→ **TASK DIRECTIONS**
Give the lines below again, exactly as they stand, and leave out the images.

→ **INFORMATION PROVIDED**

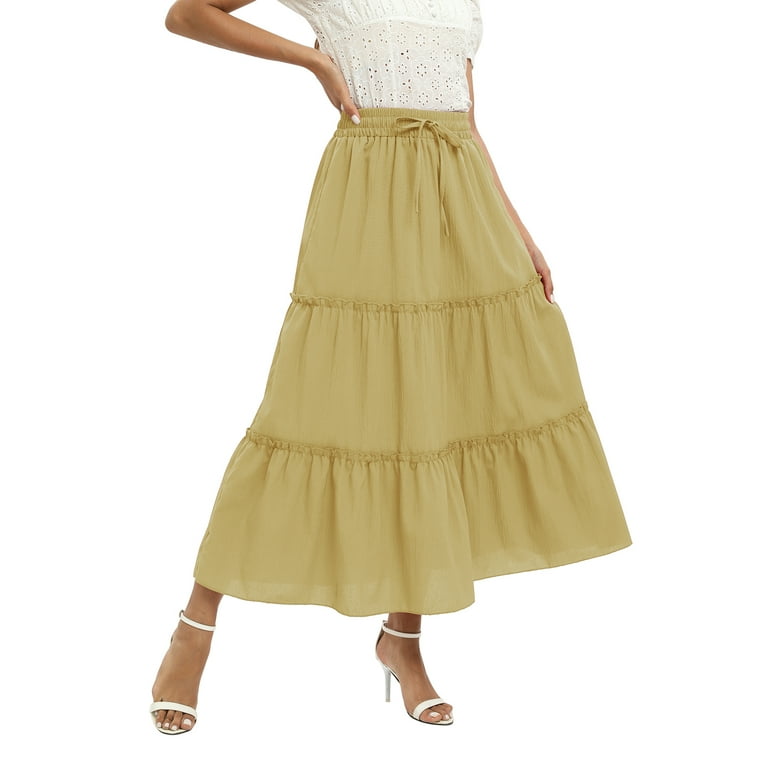 Xmarks Womens Casual High Waist Flared A-line Skirt Pleated Midi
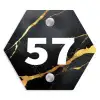 Goud zwart marmer - Modern Naambord Hexagon klein -3d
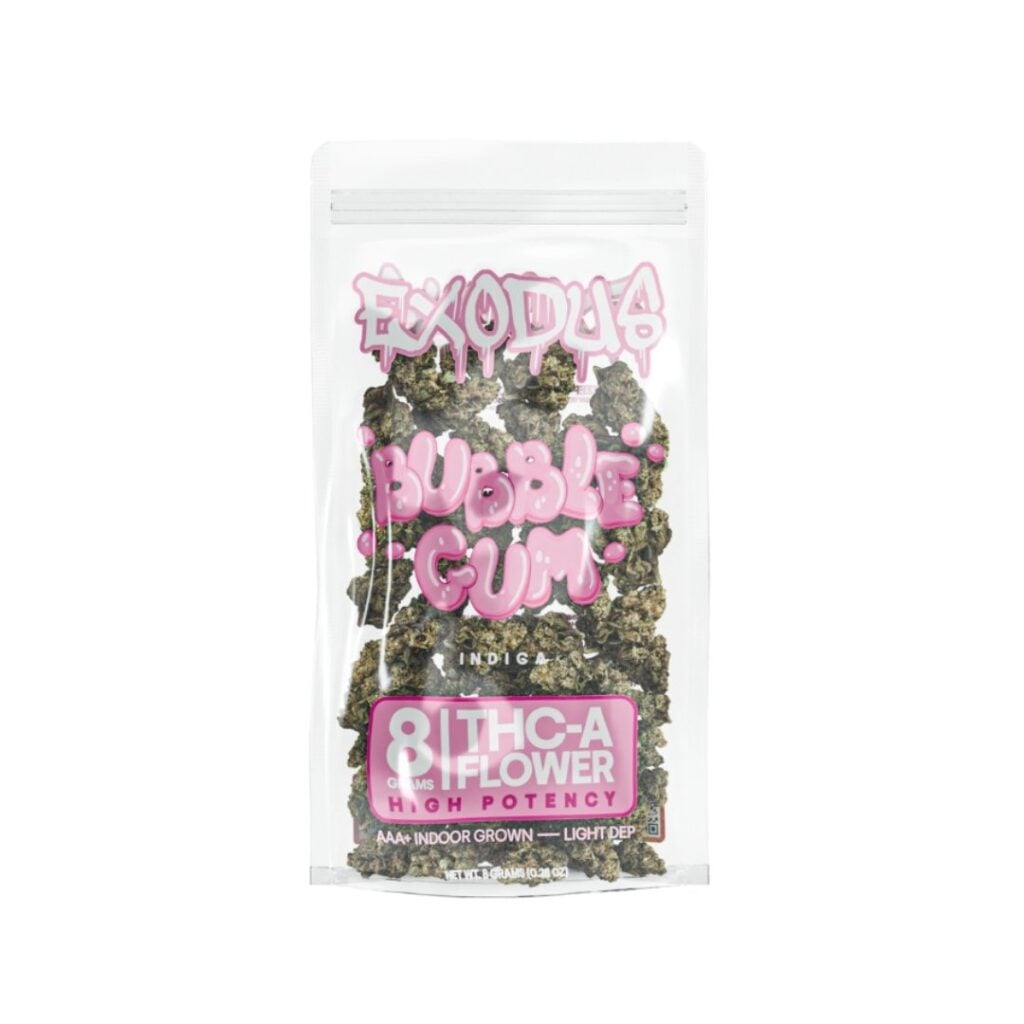 Exodus Indoor THCa Flower Packs 8g Bubble Gum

→ **RESPONSE AREA**
 Xmarks Womens Casual High Waist Flared A-line Skirt Pleated Midi
 Goud zwart marmer - Modern Naambord Hexagon klein -3d
 Exodus Indoor THCa Flower Packs 8g Bubble Gum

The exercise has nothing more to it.